Hugely important match between Cameroon and Germany yielded at least 16 yellow cards, including two players with two each (sending them off with reds). Worst officiating ever. Then you've got riots in Russia after the team loses, and in China after a TV was turned off before the team lost 4-0 to an unstoppable Brazil. The Italian diving team is playing quite well, and actually doing more footballing than diving, for a change. Look for Spain, backed by maestro Raul, to challenge those two for the Cup this year, unless underdogs U.S. or England can make things exciting. Germany, Sweden, Denmark, and Ireland all came to play as well.

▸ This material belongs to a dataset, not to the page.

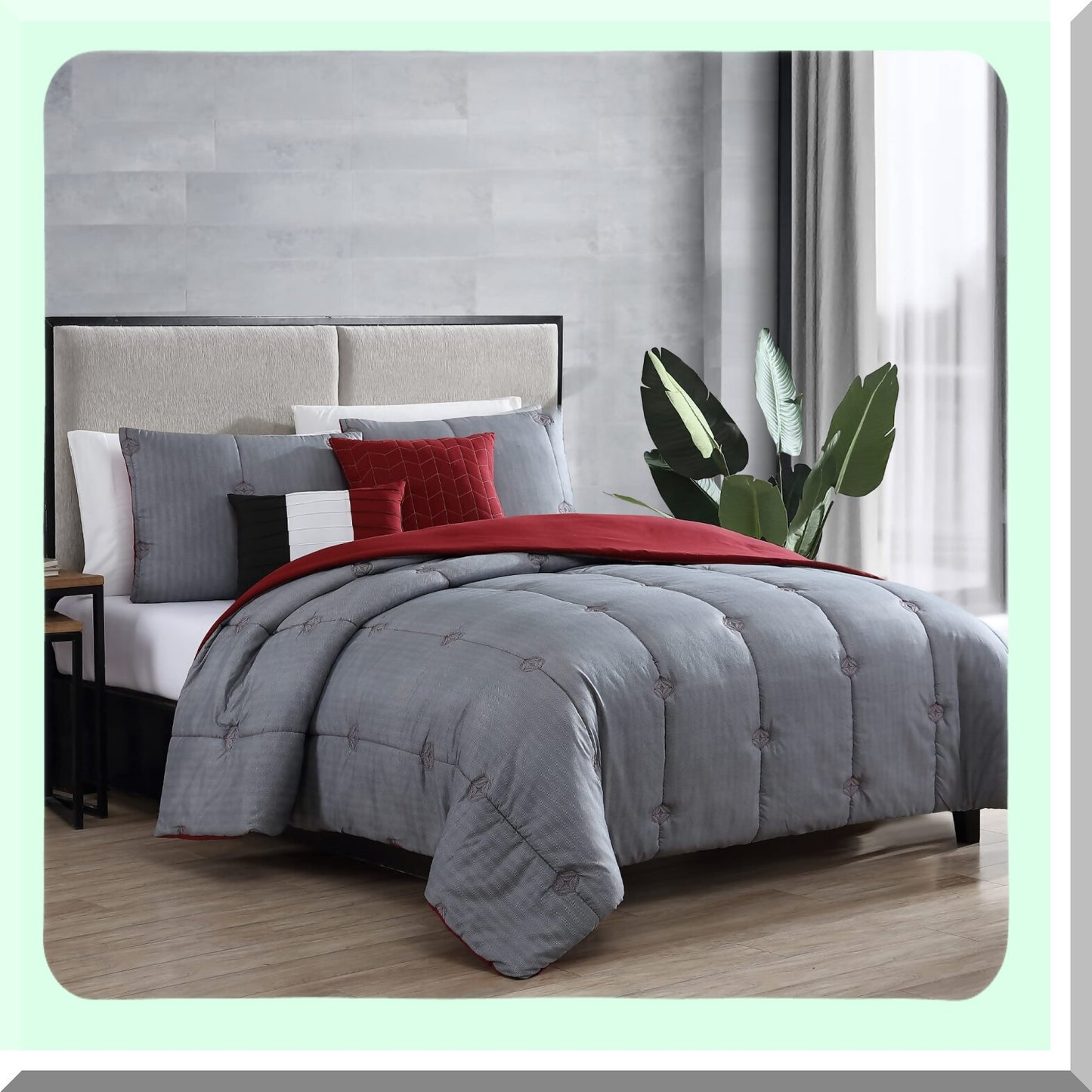 Luxury Embroidered Comforter Set - All Season Down Alternative Bedding with Matching Shams & Decorative Pillows - English Laundry Tyler Collection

No film has been as exciting as staying up at 3 am to watch two nations warring it out on the football field, racing through the midfield, distributing high-curling balls to strikers, firing wicked crosses, and shooting dangerous corners at a leaping keeper. There is simply no argument that at this level of play, soccer is truly the sport of the planet. Only the Olympics can match this intensity, and the Super Bowl and March Madness can only watch on the sidelines while the energy of the World Cup can make third world nations like Paraguay and Costa Rica stand up to the Russians and the Brits. If only there were no wars, no bombs, and no guns, and all disputes were settled between the white lines with camouflage being replaced by Ronaldo's yellow #9 and Raul's red #7.